South African politics has degenerated into the kind of dangerous populism which would make Benito Mussolini turn green with envy.

The peddling of lies in the public domain and the unsubstantiated personal attacks on fellow politicians, the judiciary and ordinary people merely trying to get in with their jobs has become normalised by leaders including former president Jacob Zuma and Economic Freedom Fighters (EFF) leader Julius Malema, who is a member of this Judicial Service Commission (JSC).

In Gauteng High Court Judge Keoagile Elias Matojane Malema will find a judge who has previously found against him and his party — in the coruscating judgment handed down in the 2019 matter of  Manuel v Economic Freedom Fighters & Others.

 When current South African Revenue Services commissioner Adrian Kieswetter was being interviewed for his position, he was interviewed by a panel which included former finance minister Trevor Manuel.

Manuel recused himself from Kieswetter’s interview because of their previous relationship working together in government. This didn’t stop Malema and the EFF from tweeting that the interview process was “patently nepotistic, and corrupt”, and that Kieswetter was a “dodgy character”, who was “not just a relative of Trevor Manuel, but a close business associate and companion”.

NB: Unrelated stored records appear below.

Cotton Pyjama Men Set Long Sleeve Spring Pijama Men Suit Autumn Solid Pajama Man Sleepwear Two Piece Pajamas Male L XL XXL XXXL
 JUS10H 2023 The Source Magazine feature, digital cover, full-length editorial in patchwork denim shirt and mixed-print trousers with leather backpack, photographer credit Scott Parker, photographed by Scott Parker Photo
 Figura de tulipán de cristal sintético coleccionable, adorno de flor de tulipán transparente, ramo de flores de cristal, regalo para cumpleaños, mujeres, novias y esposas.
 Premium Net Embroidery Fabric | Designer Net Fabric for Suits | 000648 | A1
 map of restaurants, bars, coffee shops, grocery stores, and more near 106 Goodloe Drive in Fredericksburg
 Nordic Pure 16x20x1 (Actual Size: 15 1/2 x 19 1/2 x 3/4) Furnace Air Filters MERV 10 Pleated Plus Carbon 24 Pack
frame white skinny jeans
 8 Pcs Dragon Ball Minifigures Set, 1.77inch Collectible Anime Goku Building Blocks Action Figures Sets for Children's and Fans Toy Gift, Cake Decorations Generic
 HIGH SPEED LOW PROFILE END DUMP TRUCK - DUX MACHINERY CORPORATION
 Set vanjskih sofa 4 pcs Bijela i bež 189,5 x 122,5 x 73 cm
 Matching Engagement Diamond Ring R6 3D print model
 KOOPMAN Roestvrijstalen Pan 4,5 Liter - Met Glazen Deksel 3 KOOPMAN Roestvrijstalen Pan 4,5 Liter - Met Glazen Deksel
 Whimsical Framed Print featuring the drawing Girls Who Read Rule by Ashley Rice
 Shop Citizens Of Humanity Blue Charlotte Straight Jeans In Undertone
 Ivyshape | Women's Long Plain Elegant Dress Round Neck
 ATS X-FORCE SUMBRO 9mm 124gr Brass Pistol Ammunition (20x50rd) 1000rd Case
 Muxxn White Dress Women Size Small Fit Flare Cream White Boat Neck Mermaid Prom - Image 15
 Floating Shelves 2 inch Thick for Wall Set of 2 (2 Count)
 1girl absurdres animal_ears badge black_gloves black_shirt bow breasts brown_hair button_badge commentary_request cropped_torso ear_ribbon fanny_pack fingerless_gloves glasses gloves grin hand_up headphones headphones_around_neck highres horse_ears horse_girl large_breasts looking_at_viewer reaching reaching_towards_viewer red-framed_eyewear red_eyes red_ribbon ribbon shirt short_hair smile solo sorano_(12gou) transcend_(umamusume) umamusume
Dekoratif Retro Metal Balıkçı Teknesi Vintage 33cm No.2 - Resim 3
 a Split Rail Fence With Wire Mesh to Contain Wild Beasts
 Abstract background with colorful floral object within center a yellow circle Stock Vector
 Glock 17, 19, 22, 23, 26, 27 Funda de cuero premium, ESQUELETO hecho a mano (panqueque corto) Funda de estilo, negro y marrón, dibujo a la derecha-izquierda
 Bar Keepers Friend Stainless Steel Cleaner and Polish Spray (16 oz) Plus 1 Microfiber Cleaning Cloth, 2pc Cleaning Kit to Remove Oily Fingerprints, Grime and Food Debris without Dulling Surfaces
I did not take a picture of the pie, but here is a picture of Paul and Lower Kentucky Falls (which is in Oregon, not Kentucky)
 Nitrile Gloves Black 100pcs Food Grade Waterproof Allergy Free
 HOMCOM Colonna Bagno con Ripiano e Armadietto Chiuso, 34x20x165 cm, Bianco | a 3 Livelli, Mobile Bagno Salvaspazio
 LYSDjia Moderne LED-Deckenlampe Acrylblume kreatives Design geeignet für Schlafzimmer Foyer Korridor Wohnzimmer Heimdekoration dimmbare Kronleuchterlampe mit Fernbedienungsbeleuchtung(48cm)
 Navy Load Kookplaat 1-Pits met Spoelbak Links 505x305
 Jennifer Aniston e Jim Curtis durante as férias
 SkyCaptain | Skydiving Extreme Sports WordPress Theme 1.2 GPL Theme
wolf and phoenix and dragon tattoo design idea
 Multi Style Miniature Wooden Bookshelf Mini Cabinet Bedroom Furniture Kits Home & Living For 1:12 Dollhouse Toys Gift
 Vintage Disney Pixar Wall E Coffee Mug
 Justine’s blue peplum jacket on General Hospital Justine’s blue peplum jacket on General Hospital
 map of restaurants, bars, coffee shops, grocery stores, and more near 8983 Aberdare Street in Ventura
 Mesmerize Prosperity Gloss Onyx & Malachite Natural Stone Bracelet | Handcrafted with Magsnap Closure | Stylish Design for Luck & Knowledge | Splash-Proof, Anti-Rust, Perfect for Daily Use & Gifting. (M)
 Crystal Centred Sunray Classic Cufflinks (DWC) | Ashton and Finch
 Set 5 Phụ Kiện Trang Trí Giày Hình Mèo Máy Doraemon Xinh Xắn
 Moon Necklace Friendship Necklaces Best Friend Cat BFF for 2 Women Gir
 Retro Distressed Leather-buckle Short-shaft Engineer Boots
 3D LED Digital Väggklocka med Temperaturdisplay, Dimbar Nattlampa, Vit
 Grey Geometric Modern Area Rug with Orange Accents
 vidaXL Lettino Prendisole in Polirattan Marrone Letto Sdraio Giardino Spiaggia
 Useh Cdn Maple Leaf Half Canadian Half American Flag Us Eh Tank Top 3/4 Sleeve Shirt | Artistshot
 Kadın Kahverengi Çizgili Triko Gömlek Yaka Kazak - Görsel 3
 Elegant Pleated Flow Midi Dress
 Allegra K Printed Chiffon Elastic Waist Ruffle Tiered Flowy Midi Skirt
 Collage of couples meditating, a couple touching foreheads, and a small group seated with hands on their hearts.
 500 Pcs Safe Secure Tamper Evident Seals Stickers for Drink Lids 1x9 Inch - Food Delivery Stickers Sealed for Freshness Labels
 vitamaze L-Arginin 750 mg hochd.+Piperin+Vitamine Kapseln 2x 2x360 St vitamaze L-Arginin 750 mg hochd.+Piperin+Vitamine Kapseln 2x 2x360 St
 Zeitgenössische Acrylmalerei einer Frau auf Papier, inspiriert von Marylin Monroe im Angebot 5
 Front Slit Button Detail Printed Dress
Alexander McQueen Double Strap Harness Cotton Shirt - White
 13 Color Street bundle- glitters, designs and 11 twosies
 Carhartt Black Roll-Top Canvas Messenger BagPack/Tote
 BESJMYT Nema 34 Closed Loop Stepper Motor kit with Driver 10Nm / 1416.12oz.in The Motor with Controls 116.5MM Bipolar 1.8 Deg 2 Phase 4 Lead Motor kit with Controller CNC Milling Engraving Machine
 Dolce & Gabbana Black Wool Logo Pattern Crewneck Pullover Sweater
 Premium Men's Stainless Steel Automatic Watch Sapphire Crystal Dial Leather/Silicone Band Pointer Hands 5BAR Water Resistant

Manuel then applied to the high court seeking an order declaring that the EFF’s tweet was defamatory, false and unlawful. He further sought an order directing the respondents to remove the statement from all their media platforms and interdicting the publication of similar statements in future. He also wanted the EFF to publish an unconditional public retraction and apology and sought damages for injury to his reputation.

Matojane found that a reasonable person of ordinary intelligence “would understand the tweet to mean that Mr Manuel is corrupt, nepotistic and has conducted the appointment process for a new SARS commissioner secretly in a deliberate attempt to disguise his familial relationship with Mr Kieswetter, and that he is connected to a ‘white capitalist establishment’ that acts contrary to the best interest of SARS.”

In declaring the tweet defamatory, Matojane further held that there was “no doubt that the statement would generally tend to lower Mr Manuel’s reputation in the estimation of right-thinking members of society,” since it implied “that he was dishonest, unscrupulous and lacking in integrity.”

On the EFF’s argument that the tweet was true and in the public interest, Matojane found that the respondents were unable to prove that the “sting of the statement” was true.

The EFF had argued that they, having received information from a confidential source, were adopting a “whistle-blower role” with their tweets — akin to that of the media’s “public-disclosure role.”

While Matojane found there was no justification for limiting the defence of reasonableness to the media only, he also found that the defence of reasonable publication did not apply, as the EFF had not proven that it was “reasonable in the circumstances to publish the particular facts, in a particular way and at the particular time.”

He also rejected their defence of fair comment since the EFF were unable to prove that the underlying facts to their tweets were true: “The conduct of the respondents both before and after the publication of the impugned statement shows that they were actuated by malice. They published the tweet with reckless indifference as to whether it was true or false. The statement remains published online despite it being subsequently shown to be false, and the respondents refuse to take it down. There can never be justification for the ongoing publication of a defamatory statement which has been revealed to be untrue unless the principal purpose is to injure a person because of spite or animosity.”

On the remedy sought, Matojane held that the motive and conduct of the respondents was relevant: “They stubbornly refuse to retract, apologise or remove the impugned statement from their social-media platforms, when it is evident that they should do so. These factors collectively establish the existence of actual malice and a desire to hurt Mr Manuel in his person, and professionally, through the widespread dissemination of the defamatory statement. Such conduct warrants a punitive costs order.”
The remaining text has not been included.